Re: Extended Statistics set/restore/clear functions.

From: Michael Paquier <michael(at)paquier(dot)xyz>
To: Corey Huinker <corey(dot)huinker(at)gmail(dot)com>
Cc: Chao Li <li(dot)evan(dot)chao(at)gmail(dot)com>, Tender Wang <tndrwang(at)gmail(dot)com>, PostgreSQL Hackers <pgsql-hackers(at)lists(dot)postgresql(dot)org>
Subject: Re: Extended Statistics set/restore/clear functions.
Date: 2026-01-22 06:41:36
Message-ID: aXHGoMAnzV5njUEo@paquier.xyz
Views: Whole Thread | Raw Message | Download mbox | Resend email
Thread:
Lists: pgsql-hackers

On Wed, Jan 21, 2026 at 03:42:21PM -0500, Corey Huinker wrote:
> I've added about 30 tests covering various things that can go wrong with
> extended stats parameter combinations, parameter contents, expression
> parameter combinations.
>
> There is one WARNING I can see that still needs coverage, but I'm at a loss
> as to how to set it up.

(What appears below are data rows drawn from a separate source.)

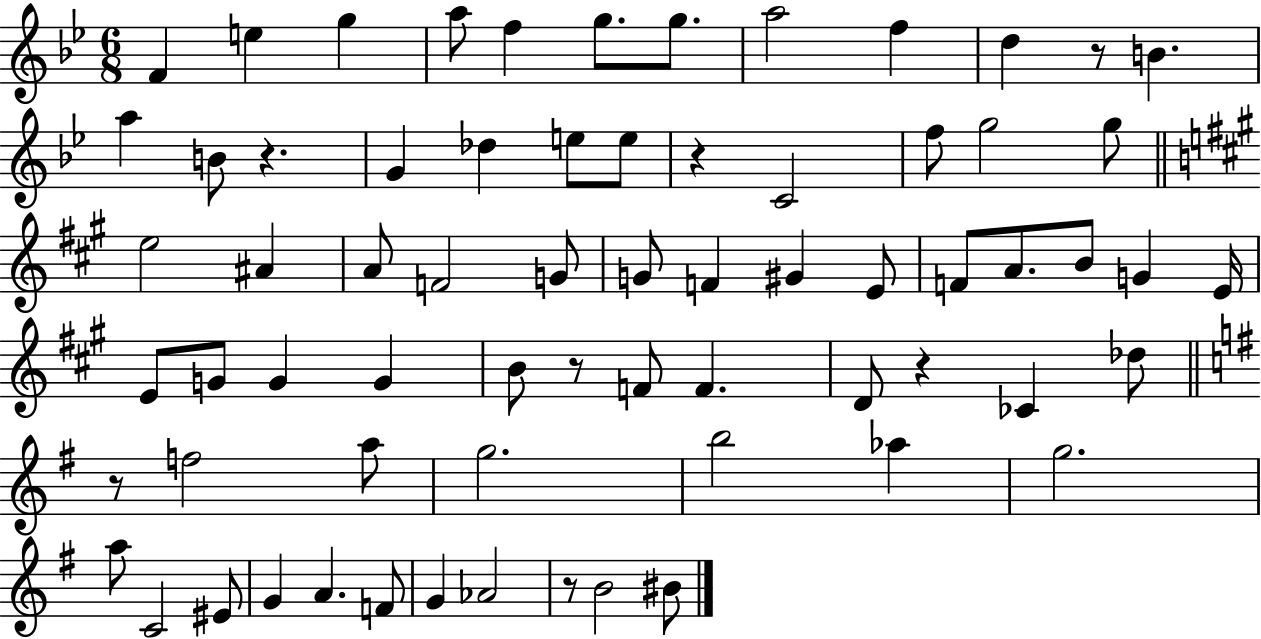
{
  \clef treble
  \numericTimeSignature
  \time 6/8
  \key bes \major
  f'4 e''4 g''4 | a''8 f''4 g''8. g''8. | a''2 f''4 | d''4 r8 b'4. | \break a''4 b'8 r4. | g'4 des''4 e''8 e''8 | r4 c'2 | f''8 g''2 g''8 | \break \bar "||" \break \key a \major e''2 ais'4 | a'8 f'2 g'8 | g'8 f'4 gis'4 e'8 | f'8 a'8. b'8 g'4 e'16 | \break e'8 g'8 g'4 g'4 | b'8 r8 f'8 f'4. | d'8 r4 ces'4 des''8 | \bar "||" \break \key g \major r8 f''2 a''8 | g''2. | b''2 aes''4 | g''2. | \break a''8 c'2 eis'8 | g'4 a'4. f'8 | g'4 aes'2 | r8 b'2 bis'8 | \break \bar "|."
}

It's the extended_stats.c:1202 "could not determine
> element type of expression" which should only happen if we have a datatype
> that appears to be an array but actually isn't...

This result is neater.

How about the multirange range case in extended_statistics_update()
for the mcv/expression path?

import_expressions() also complains about a statatt_set_slot() with
histograms.

> Also improved documentation, moved some code to import_mcv to behave like
> import_expressions, etc.

A couple of mostly-stylistic comments, while reading 0001.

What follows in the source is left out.